PUSHING THE ECONOMIC CASE FOR REFORM…. We talked last week about some of the economic consequences of our dysfunctional health care system. For example, many employers, especially small businesses, have no choice but to force employees to pay higher premiums, and many more are dropping coverage altogether.

But this is especially damaging for American entrepreneurs — small businesses can’t open because entrepreneurs can’t afford to give up the benefits that come with their current job, and/or they can’t afford to cover a new team of employees. It forces some to leave the country, and start businesses overseas. It’s a subject we’ve been following closely here at the Monthly.

As the fight over health care reform enters the next stage, it’s a point the White House is choosing to emphasize even more. Today, President Obama talked up this angle in his weekly address, highlighting “people who’ve got a good idea, and the expertise and determination to build it into a thriving business, but many can’t take that leap because they can’t afford to lose the health insurance they have at their current job.”

“I hear about it from small business owners who want to grow their companies and hire more people, but they can’t, because they can barely afford to insure the employees they have,” the president said. “One small business owner wrote to me that health care costs are — and I quote — ‘stifling my business growth.’ He said that the money he wanted to use for research and development, and to expand his operations, has instead been ‘thrown into the pocket of healthcare insurance carriers.’

“These small businesses are the mom and pop stores and restaurants, beauty shops and construction companies that support families and sustain communities…. And right now, they are paying up to 18 percent more for the very same insurance plans as larger businesses because they have higher administrative costs and less bargaining power. Many have been forced to cut benefits or drop coverage. Some have shed jobs or shut their doors entirely. And recent studies show that if we fail to act now, employers will pay six percent more to insure their employees next year – and more than twice as much over the next decade.”

“Rising health care costs are undermining our businesses, exploding our deficits, and costing our nation more jobs with each passing month.

“So we know that reforming our health insurance system will be a critical step in rebuilding our economy so that our entrepreneurs can pursue the American Dream again, and our small businesses can grow and expand and create new jobs again.”
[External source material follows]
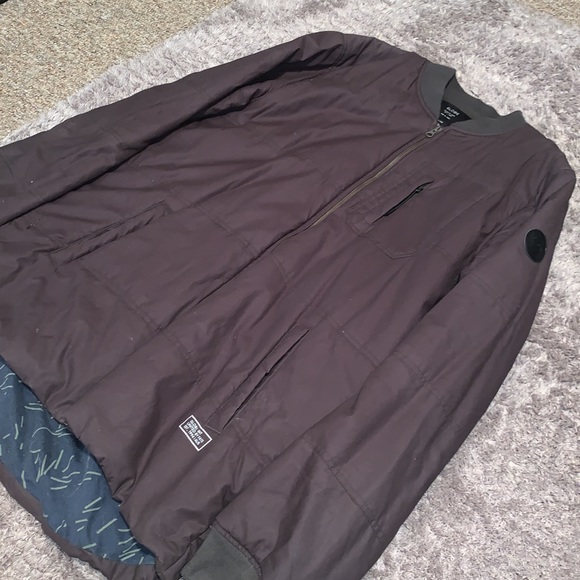 Globe Jacket - Picture 2 of 8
The standard GOP talking points against reform insist that changing the system would punish small businesses. We already know that’s wrong, and I’m glad to see the White House emphasizing the opposite point.

Health care reform obviously won’t create an economic utopia overnight, but it’s the key part of an economic strategy that creates jobs, expands business opportunities, puts American employers in a more competitive position internationally, and opens the door to entrepreneurs who would otherwise struggle to get off the ground.